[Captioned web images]
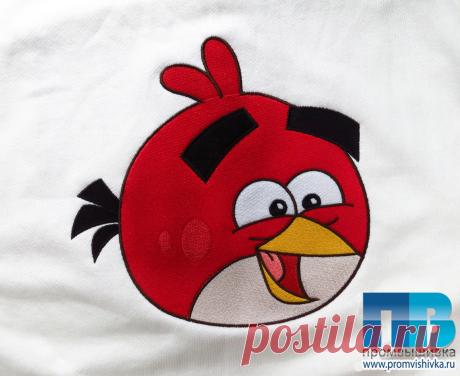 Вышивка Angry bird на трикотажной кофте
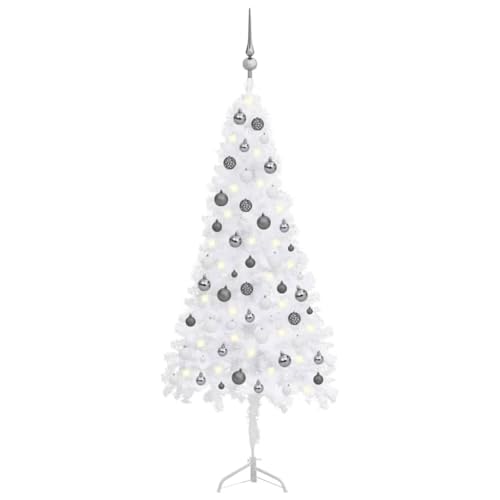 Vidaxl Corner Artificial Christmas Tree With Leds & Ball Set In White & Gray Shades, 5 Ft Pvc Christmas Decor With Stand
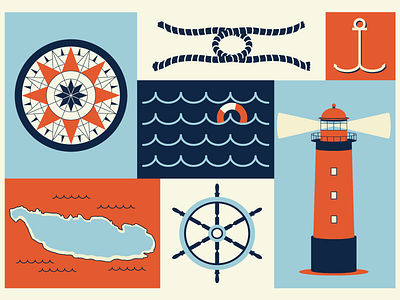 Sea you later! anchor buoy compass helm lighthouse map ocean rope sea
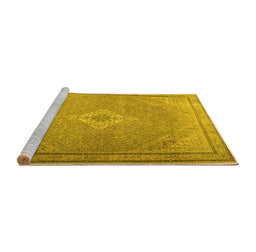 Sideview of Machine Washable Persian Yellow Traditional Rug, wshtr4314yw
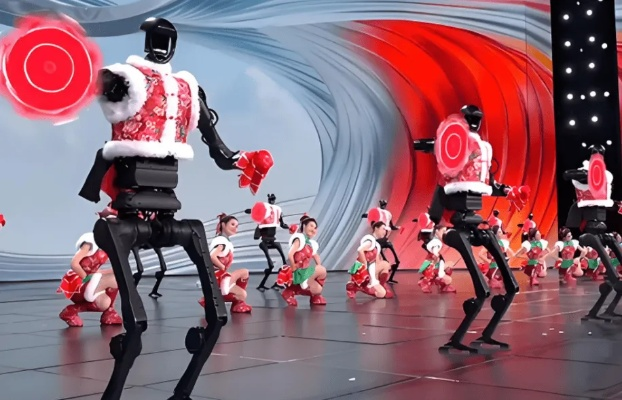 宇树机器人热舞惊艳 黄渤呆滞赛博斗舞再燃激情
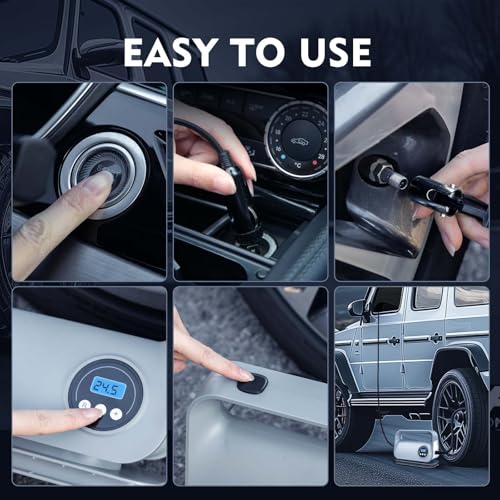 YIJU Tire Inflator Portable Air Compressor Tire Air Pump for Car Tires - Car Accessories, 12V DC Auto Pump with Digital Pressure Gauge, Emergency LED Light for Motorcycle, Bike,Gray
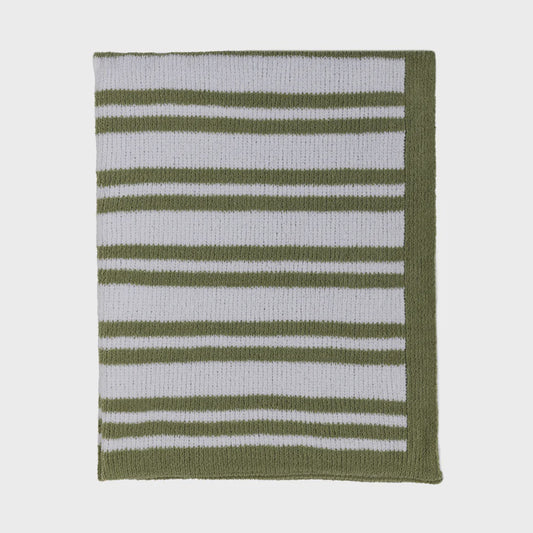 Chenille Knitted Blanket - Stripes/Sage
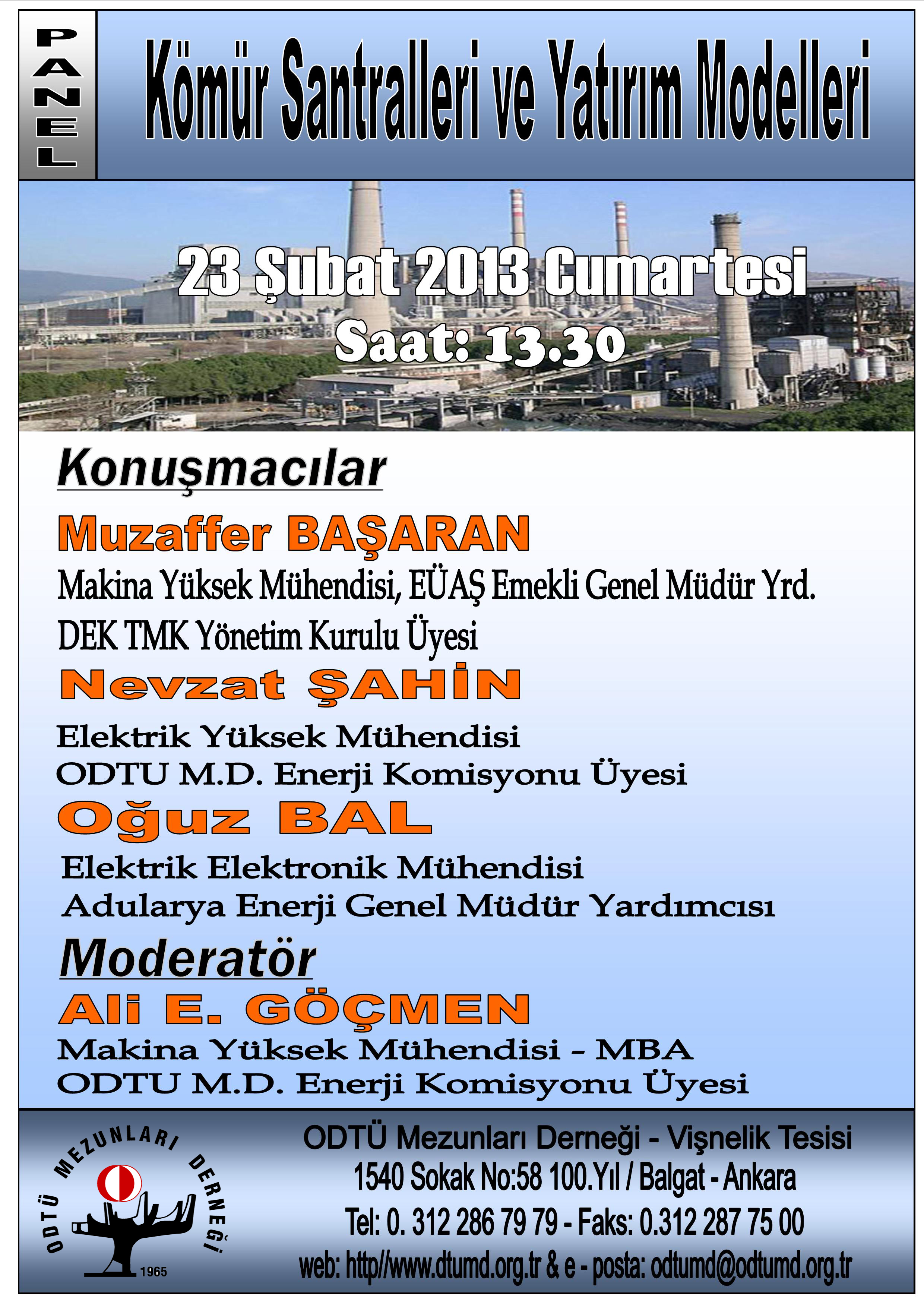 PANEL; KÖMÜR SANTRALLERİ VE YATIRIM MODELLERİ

What the task asks. What is needed here is each line above set down word for word, minus the images.

Result.
 Вышивка Angry bird на трикотажной кофте
 Vidaxl Corner Artificial Christmas Tree With Leds & Ball Set In White & Gray Shades, 5 Ft Pvc Christmas Decor With Stand
 Sea you later! anchor buoy compass helm lighthouse map ocean rope sea
 Sideview of Machine Washable Persian Yellow Traditional Rug, wshtr4314yw
 宇树机器人热舞惊艳 黄渤呆滞赛博斗舞再燃激情
 YIJU Tire Inflator Portable Air Compressor Tire Air Pump for Car Tires - Car Accessories, 12V DC Auto Pump with Digital Pressure Gauge, Emergency LED Light for Motorcycle, Bike,Gray
 Chenille Knitted Blanket - Stripes/Sage
 PANEL; KÖMÜR SANTRALLERİ VE YATIRIM MODELLERİ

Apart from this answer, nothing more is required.